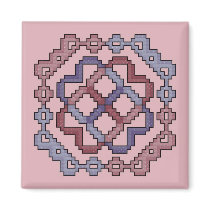Violet and Mauve Cross Stitch Magnet by ingasi Violet and Mauve Cross Stitch Magnet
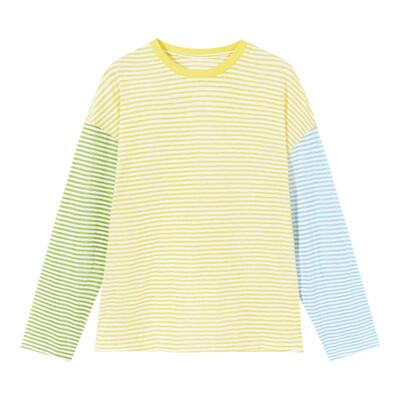 AR条纹撞色长袖运动T恤轻薄透气防晒罩衫清凉巨好看宽松上衣女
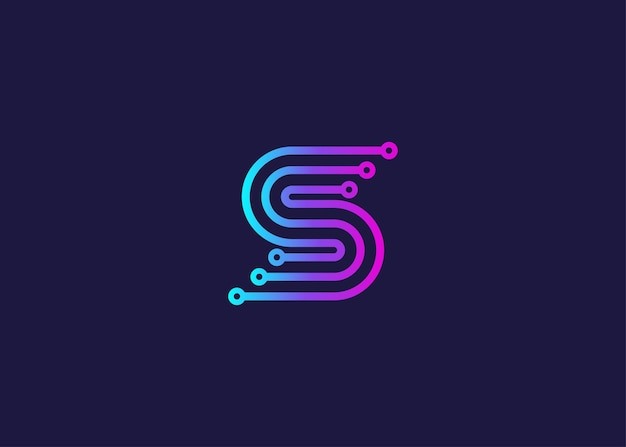 Carta S Tecnología modelo de diseño de logotipo de monograma vectorial Molécula de letra S Ciencia y biotecnología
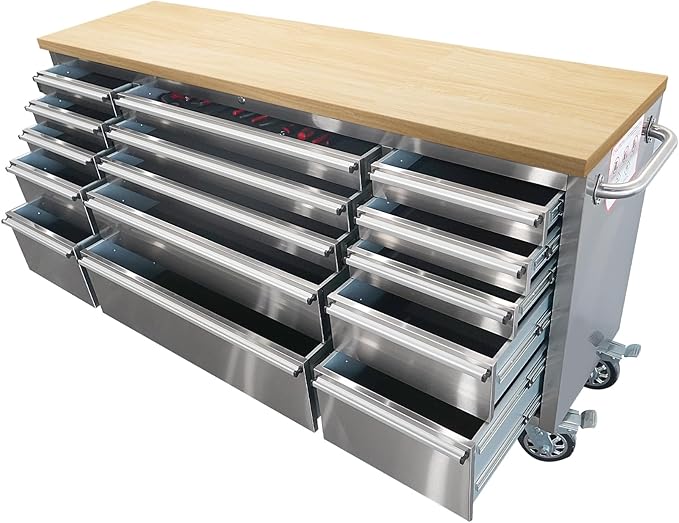CHETTO C 72 inch Tool Chest Tool Box Mobile 15 Drawers Storage Rolling Cabinet with Wheels Lock Key Locking System Drawer Liners for Garage Warehouse Repair Shop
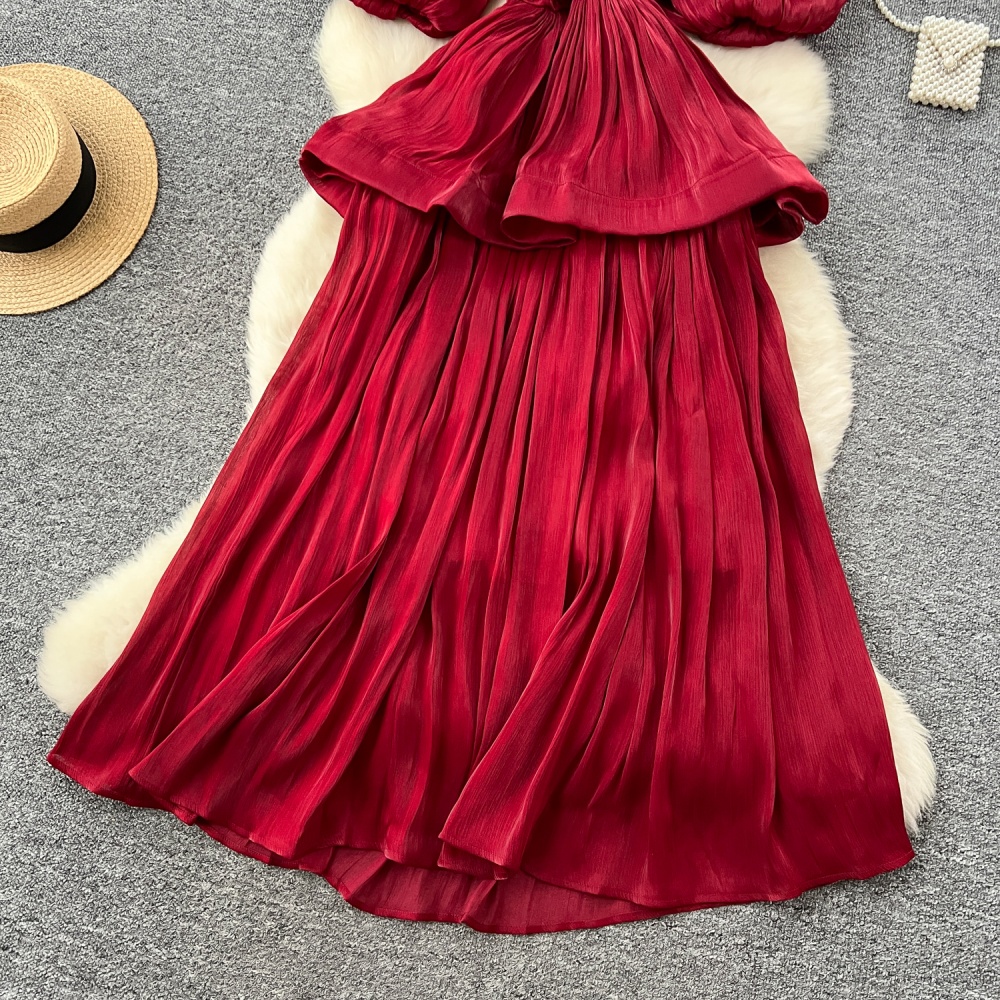 Pinched waist long dress dress for women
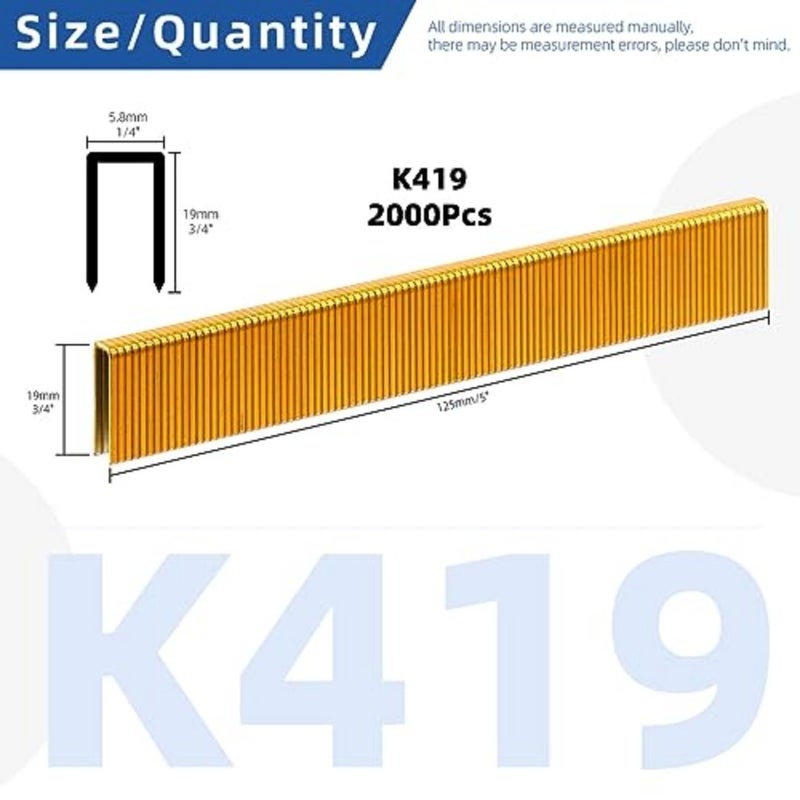 2000Pcs 18 Gauge Narrow Crown Staples, 3/4 Inch Galvanized Crown Narrow Staples Assortment Kit for Electric Stapler, Pneumatic, DIY Home Improvement Gold - Image 2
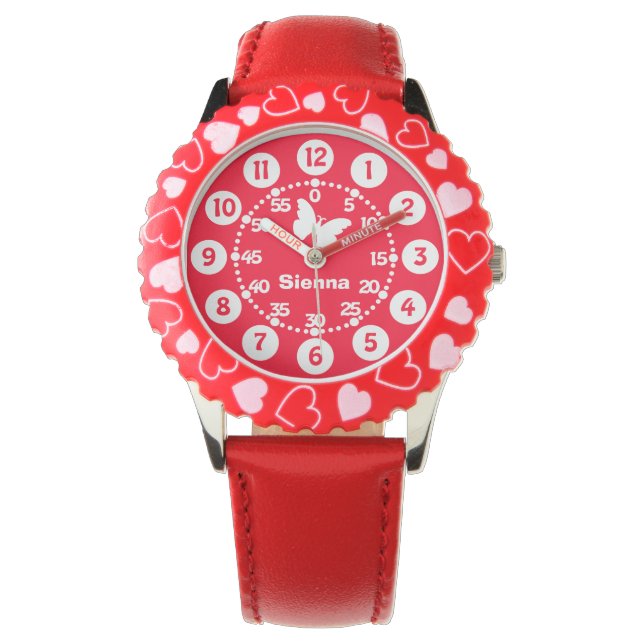 Relógio De Pulso Meninas vermelhas e brancas adicionam seu nome, re (Frente)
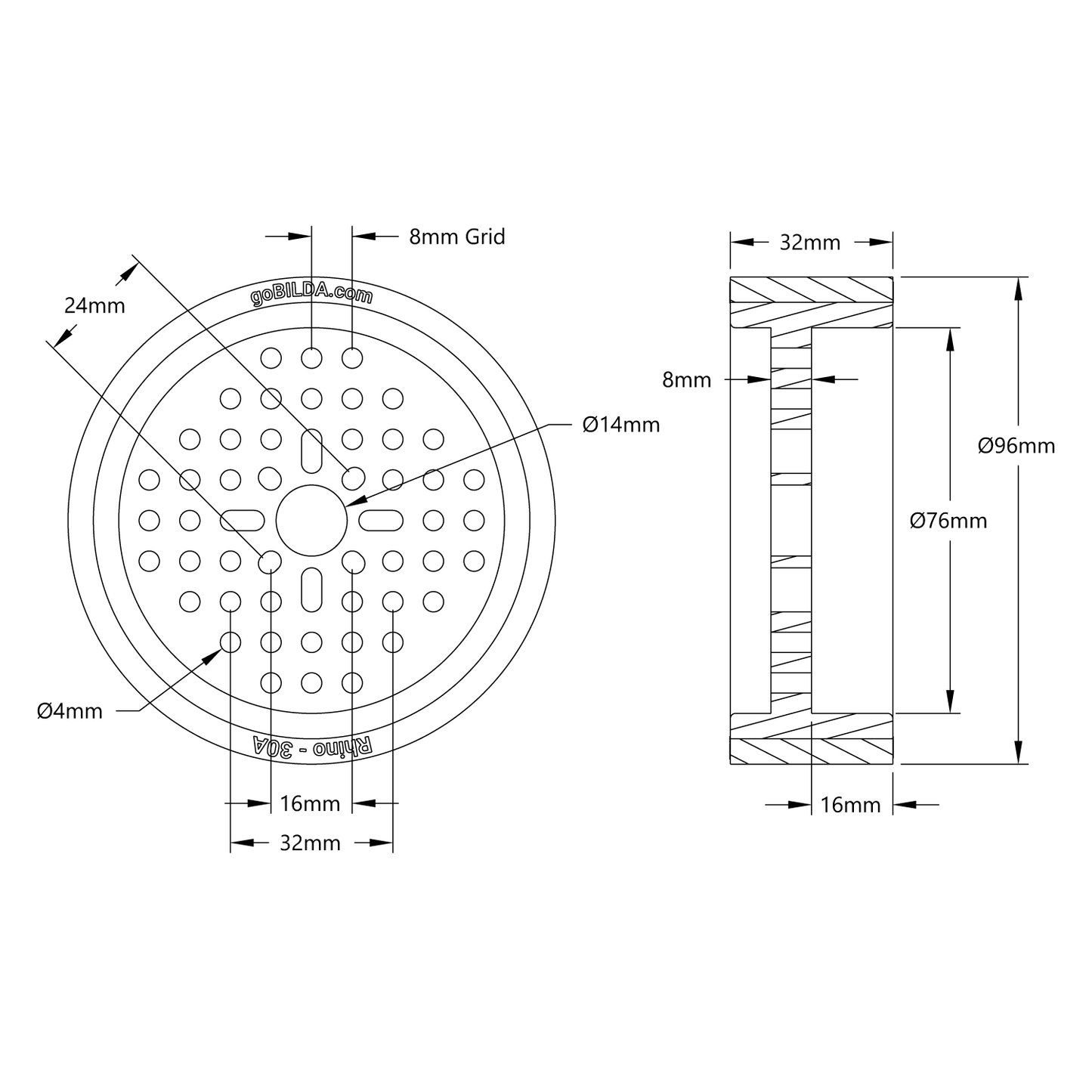 3614 Series Rhino Wheel (14mm Bore, 96mm Diameter, 30A Durometer)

Task goal:
Above are some records; quote exactly and only the lines that begin at the line containing "AR条纹撞色长袖运动T恤轻薄透气防晒罩衫清凉巨好看宽松上衣女" and stop after the line containing "CHETTO C 72", leaving out the pictures.

Your response:
 AR条纹撞色长袖运动T恤轻薄透气防晒罩衫清凉巨好看宽松上衣女
 Carta S Tecnología modelo de diseño de logotipo de monograma vectorial Molécula de letra S Ciencia y biotecnología
CHETTO C 72 inch Tool Chest Tool Box Mobile 15 Drawers Storage Rolling Cabinet with Wheels Lock Key Locking System Drawer Liners for Garage Warehouse Repair Shop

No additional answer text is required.